- What the task requires: Output only the stretch of the listing that starts at the line containing "Patchwork Multi Pamuk" and ends at the line containing "哈蒙德全铜黄铜法兰电磁阀零压启动ZQDF高温热水蒸汽AC220V常闭型.jpg", reproduced exactly with both ends.

- Input for this task:

--- START ---

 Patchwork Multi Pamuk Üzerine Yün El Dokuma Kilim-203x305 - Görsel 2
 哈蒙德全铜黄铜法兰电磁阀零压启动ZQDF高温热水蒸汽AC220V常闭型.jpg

--- END ---
--- START ---

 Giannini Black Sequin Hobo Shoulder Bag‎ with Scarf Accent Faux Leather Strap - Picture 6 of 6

--- END ---

- Answer to this task:
 Patchwork Multi Pamuk Üzerine Yün El Dokuma Kilim-203x305 - Görsel 2
 哈蒙德全铜黄铜法兰电磁阀零压启动ZQDF高温热水蒸汽AC220V常闭型.jpg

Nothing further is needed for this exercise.